SOURCE DATA
::::::::::
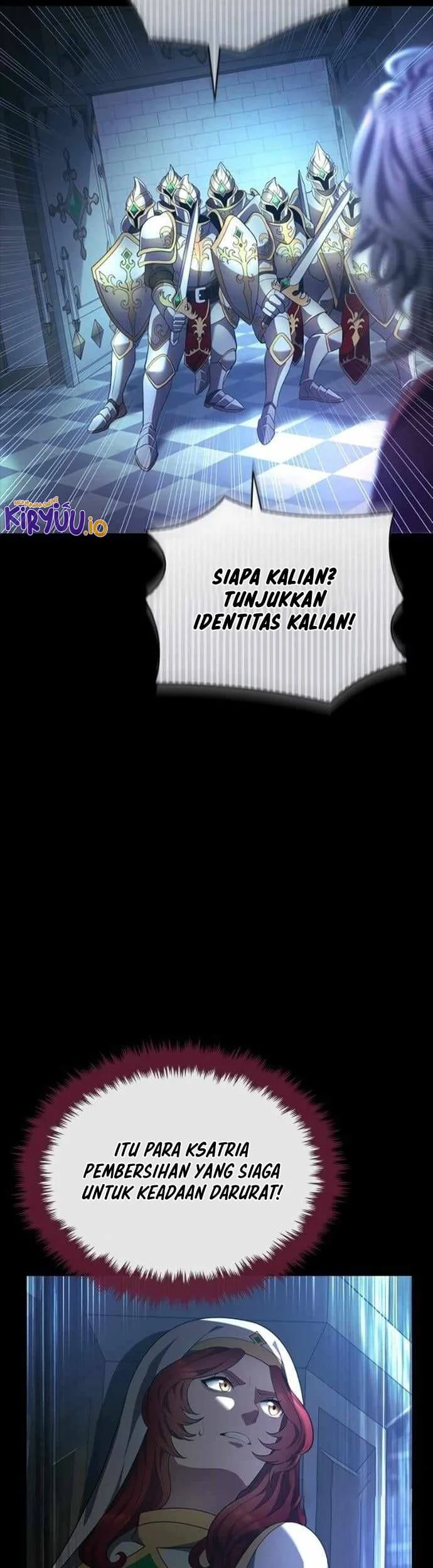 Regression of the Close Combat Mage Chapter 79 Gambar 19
::::::::::
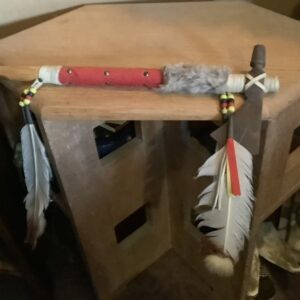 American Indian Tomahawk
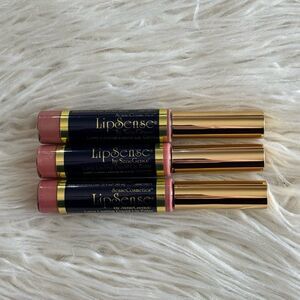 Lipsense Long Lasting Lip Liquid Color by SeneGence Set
::::::::::
TASK OBJECTIVE
In the material above, the stretch from the line with "American Indian Tomahawk" through the line with "Lipsense Long Lasting" is to be given again exactly, minus the pictures.

EXERCISE SOLUTION
 American Indian Tomahawk
 Lipsense Long Lasting Lip Liquid Color by SeneGence Set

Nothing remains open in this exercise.